▶ **INSTRUCTIONS FOR THE TASK**: Please copy out the entries below exactly, beginning with the line that contains "1#FBX-WHITE实物图" and ending with the line that contains "Reventa - Villa", and include nothing outside that span.
━━━━━ INFORMATION SHOWN ━━━━━
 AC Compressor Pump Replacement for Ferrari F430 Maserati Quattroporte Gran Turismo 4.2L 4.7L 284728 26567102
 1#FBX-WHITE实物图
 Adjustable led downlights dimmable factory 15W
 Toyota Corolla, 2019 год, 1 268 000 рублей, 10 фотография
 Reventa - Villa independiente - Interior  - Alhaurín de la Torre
━━━━━
━━━━━ INFORMATION SHOWN ━━━━━
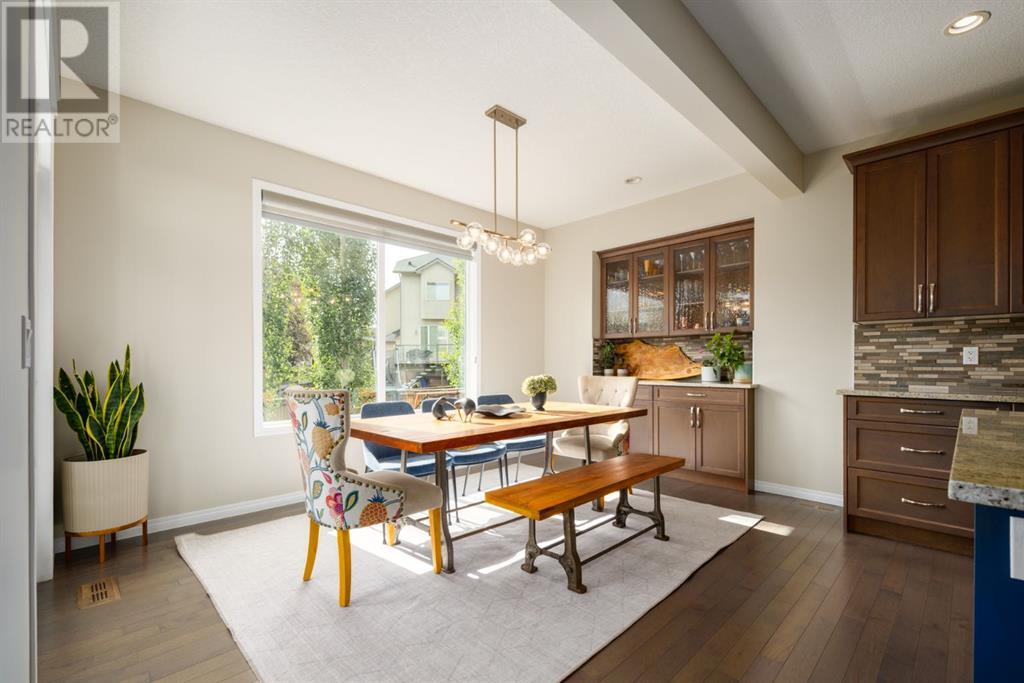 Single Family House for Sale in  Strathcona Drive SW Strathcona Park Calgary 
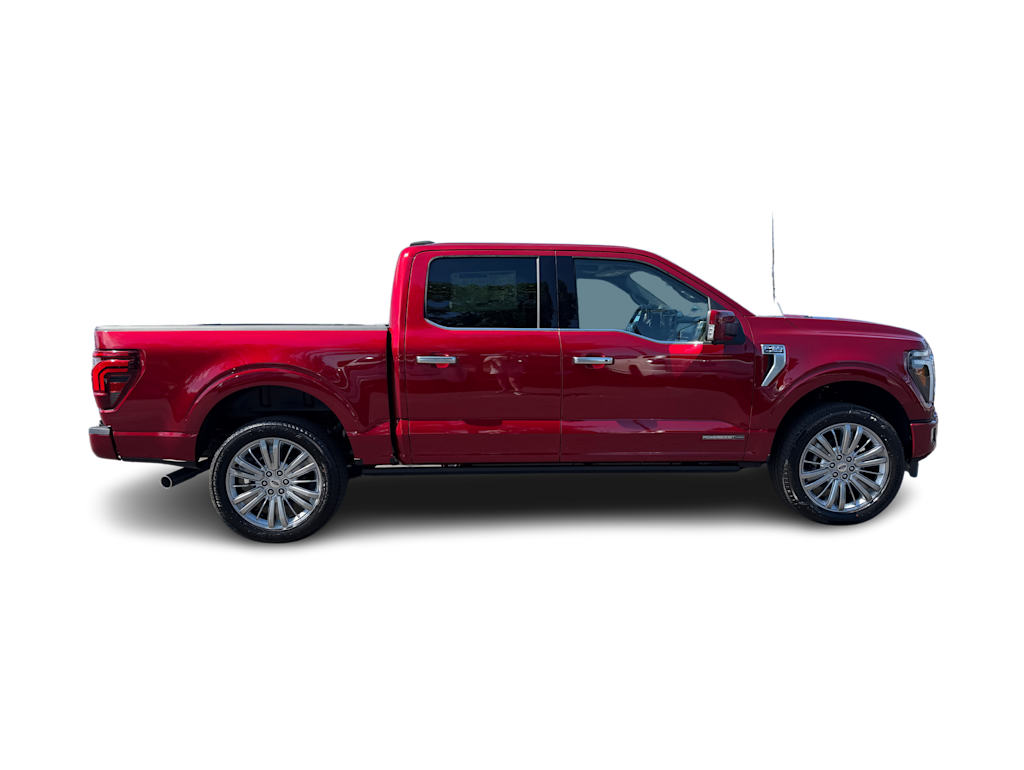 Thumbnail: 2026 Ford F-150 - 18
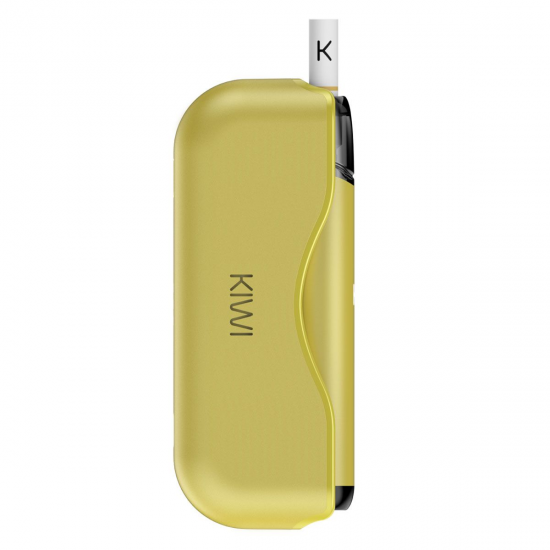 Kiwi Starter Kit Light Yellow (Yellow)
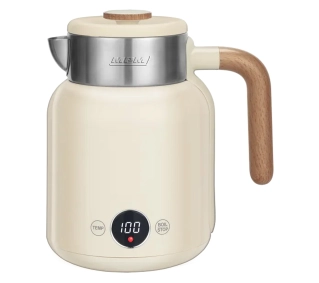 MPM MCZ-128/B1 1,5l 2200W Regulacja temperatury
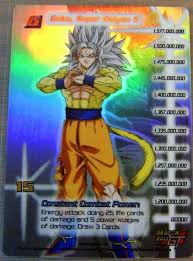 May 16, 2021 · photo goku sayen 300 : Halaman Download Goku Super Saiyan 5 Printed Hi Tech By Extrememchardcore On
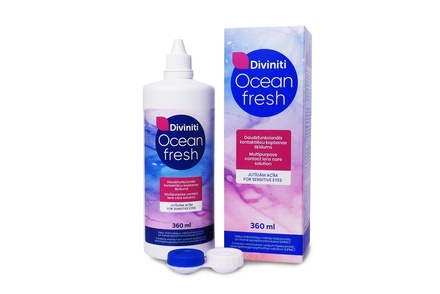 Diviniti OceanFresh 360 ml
━━━━━
▶ **EXPECTED ANSWER**:
 1#FBX-WHITE实物图
 Adjustable led downlights dimmable factory 15W
 Toyota Corolla, 2019 год, 1 268 000 рублей, 10 фотография
 Reventa - Villa independiente - Interior  - Alhaurín de la Torre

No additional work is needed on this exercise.